# N vs Ho



## deboardfam (Oct 8, 2010)

I am torn between N scale and HO. I want a nice layout that I can put work into and have quite a bit of scenery but I have VERY limited space in my house. I have already bought some HO scale but still am torn. I dont know enough about the scales or possibilities to make a decision. The space I have and am limited to I will probably be able to do a 3x8 sheet and a 3x4 sheet to make an L shape in the corner of the room. That is pushing it as well. I dont think that will be big enough to do anything remotely interesting in HO scale. 

The problem is N scale seems to be more expensive and less easy to find locally. I have already bought a few HO scale things as well.

I have an really good sized attic but it isnt insulated, heated, or cooled. Not easily accessible, etc. It hasnt left my mind but it is kind of far fetched.

Are there quality scenery items (people, lighted stuff) available for n scale just like HO? Will the zephyr control N without a proble? Are their sound DCC engines in N? What would you guys go with in the limited space I have above? Please help.. I have cash burning a hole in my pocket.


----------



## shaygetz (Sep 23, 2007)

That is enough space for a good HO point-to-point switching module or a tight radius traction line for continuous operations. Even continuous ops are possible with tight radius narrow gauge or standard gauge switchers. 

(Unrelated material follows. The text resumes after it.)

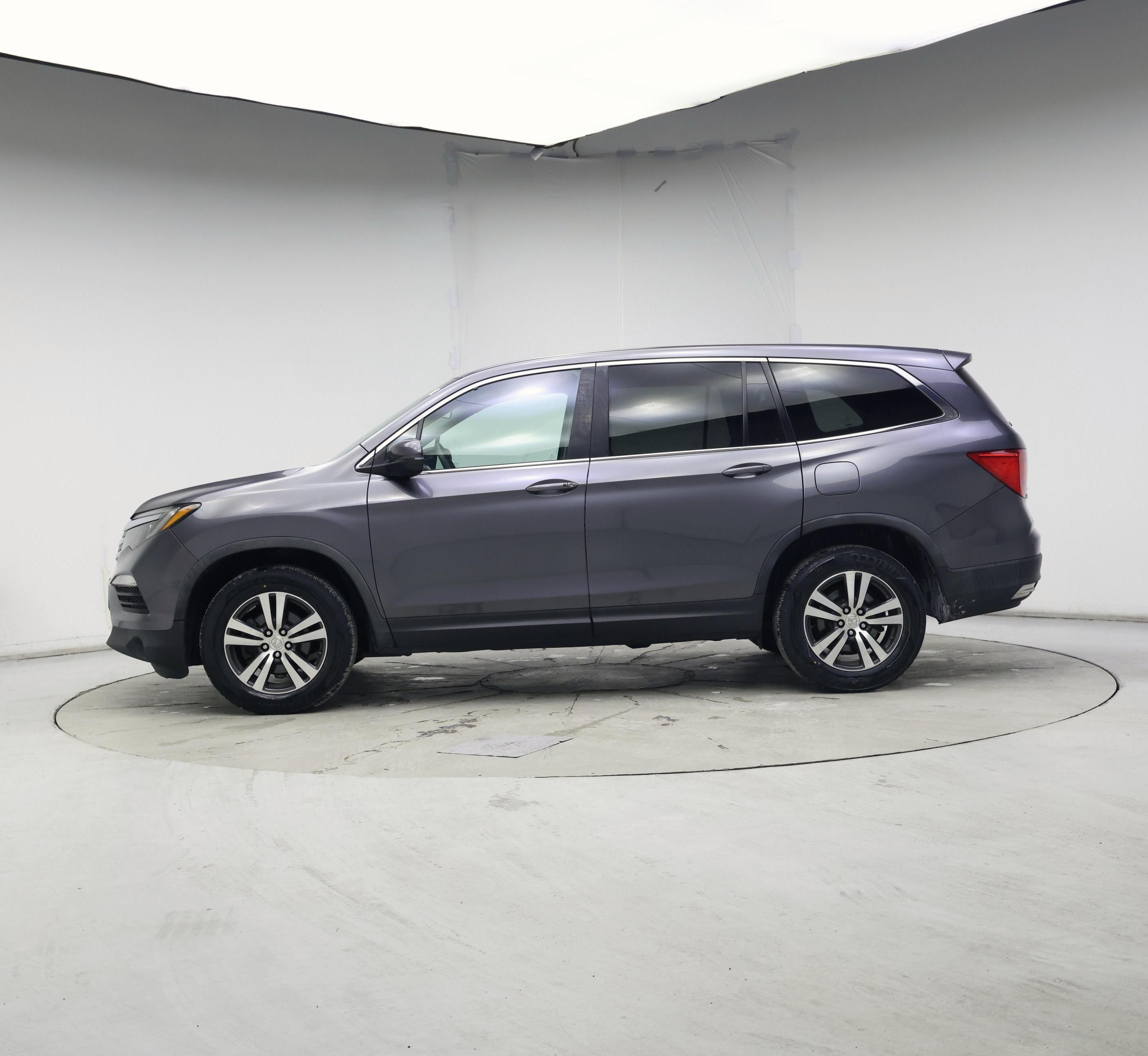 Thumbnail: 2018 Honda Pilot - 3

What are you after...mainline Class 1 railroading or shortline branch? That makes all the difference in the world. 

N scale is great for that kind of space but, as you've pointed out, the price point is different, production costs have to be recovered over a smaller market share. HO has a larger following, making recouping production costs much easier that in N. HO has been around much longer and built in greater numbers, making it a very affordable scale.

I've noted little price difference in my pursuit of BOTH scales in my hobby work. Why? Because my tastes are eclectic and my purchasing policies just this side of ruthless 

As one's interests and focus narrows, i.e. prototype, era, brand, DC vs. DCC, the costs involved go up exponentially. After years of doing just about everything in this hobby to the Nth degree, I've long since learned that I simply enjoy the smell of ozone and the joy of bringing life to a pile of parts, and all for as little monetary output as possible. This affects the final price considerably.

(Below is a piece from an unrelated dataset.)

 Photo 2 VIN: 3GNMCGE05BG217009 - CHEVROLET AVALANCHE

In short, final goals = final price. Focus on what it is you're looking to get out of the hobby first BEFORE you lay out too much coin in any one direction, THEN pursue that course, honing and refining your vision as you go along.


----------



## NIMT (Jan 6, 2011)

Second the size being a down side in order to do a simple HO layout about the smallest you would want to go is with 4 X 8 sheet. 3 foot is just too small!
You could do a killer layout with that size of space with N.
Yes Zephyr will run N rather nicely! 
Sound in N does get up there a little bit in price.
Your going to spend a little more on N but in the long run you will never notice. distances are smaller so your overall material cost are cheaper! 
IMHO sound is the last thing to worry about! 
Learn to setup, build, wire, and landscape then work on building a fleet!
Get a simple DCC engine and learn the basics of operating it then upgrade to others!


----------



## xrunner (Jul 29, 2011)

I do N scale due to my dad making me a layout many years ago as a teenager. I found a box of my original N scale cars several months ago which got me back into the hobby big time. I had to convert them all to modern couplers but I didn't mind. 

What I like is the size vs. detailing. They are like little jewels you can hold in the palm of your hand, sounds a little corny but it's true. When I pick up a HO car or engine it's seems like such a huge thing! That makes HO easy to work on but I prefer the amazing detail of N scale vs. the size, not to mention you can get a bigger layout in a given space.


----------



## kursplat (Dec 8, 2010)

check out the small layout scrapbookfor some good idea's of what's possible with a small space.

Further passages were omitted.